YOUR GOAL =
From the line with "slika 2 Automobil" to the line with "Big bigCover of The Last Chocolate Brownie", output every line below exactly, both ends included. Skip the pictures.

RECORDS SUPPLIED =
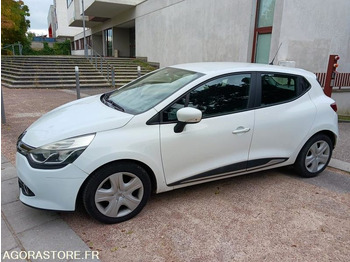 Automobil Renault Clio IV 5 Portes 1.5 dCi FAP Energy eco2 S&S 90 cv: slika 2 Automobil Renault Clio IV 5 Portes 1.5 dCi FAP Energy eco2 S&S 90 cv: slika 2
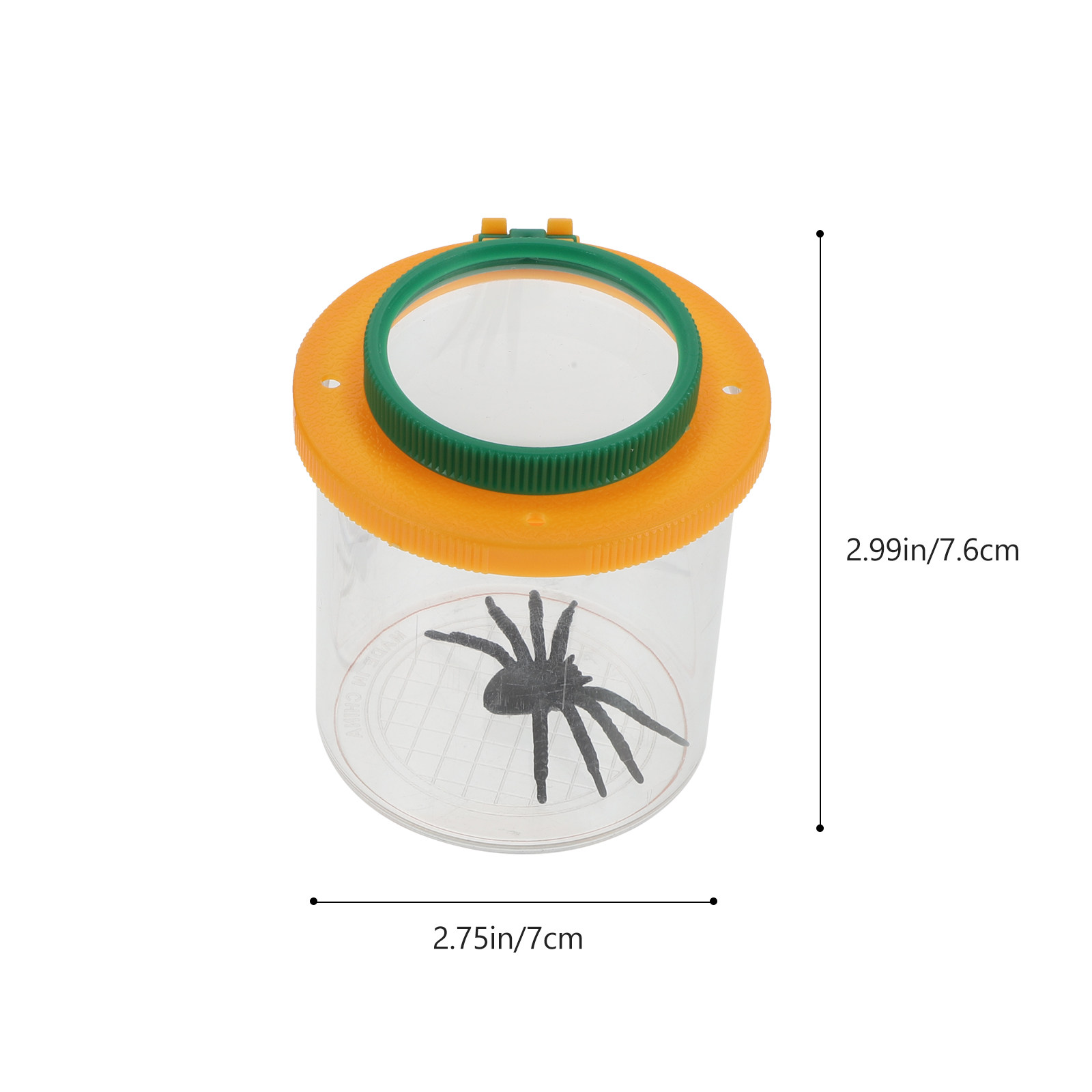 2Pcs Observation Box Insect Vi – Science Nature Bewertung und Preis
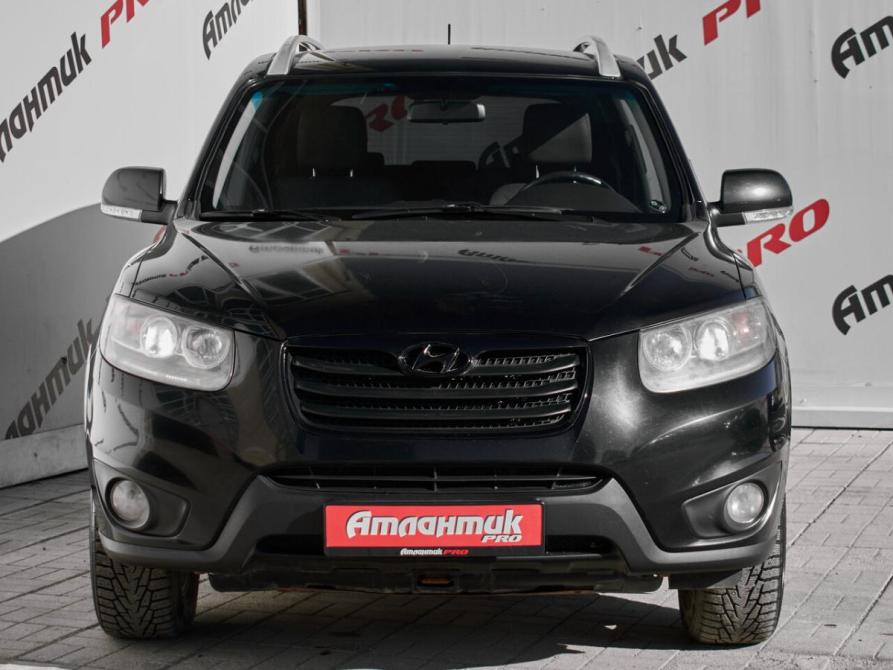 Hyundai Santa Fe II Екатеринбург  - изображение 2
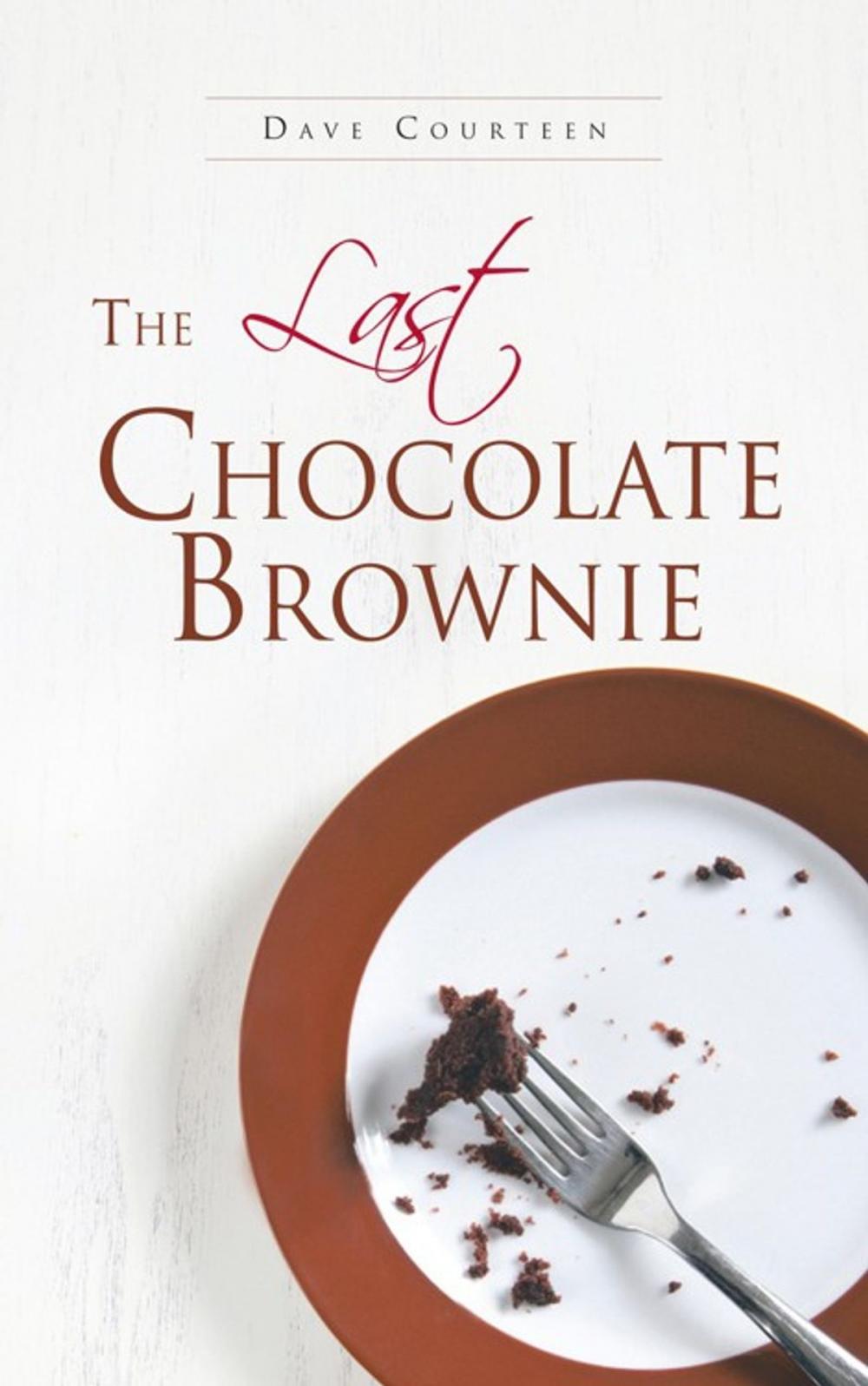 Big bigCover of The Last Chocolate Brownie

--

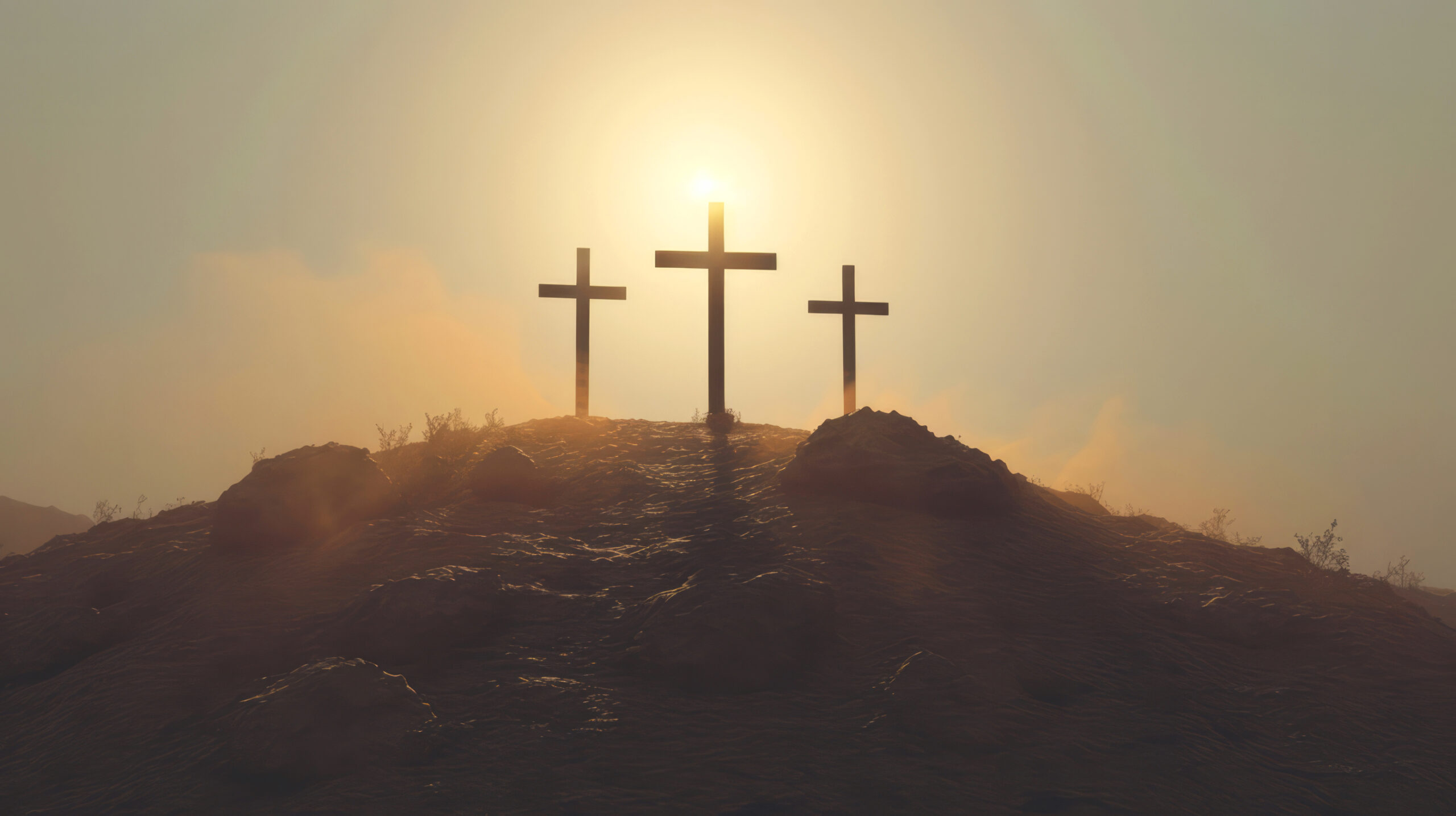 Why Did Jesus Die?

---

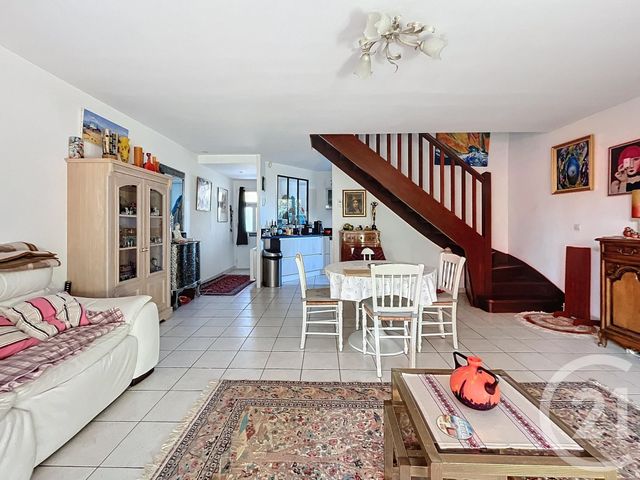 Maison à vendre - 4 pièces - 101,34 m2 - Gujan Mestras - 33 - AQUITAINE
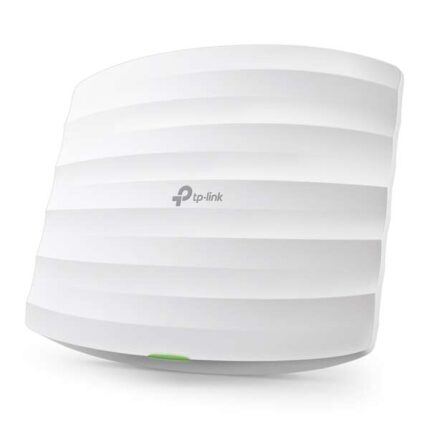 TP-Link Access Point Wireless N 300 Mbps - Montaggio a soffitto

RESULT =
 Automobil Renault Clio IV 5 Portes 1.5 dCi FAP Energy eco2 S&S 90 cv: slika 2 Automobil Renault Clio IV 5 Portes 1.5 dCi FAP Energy eco2 S&S 90 cv: slika 2
 2Pcs Observation Box Insect Vi – Science Nature Bewertung und Preis
 Hyundai Santa Fe II Екатеринбург  - изображение 2
 Big bigCover of The Last Chocolate Brownie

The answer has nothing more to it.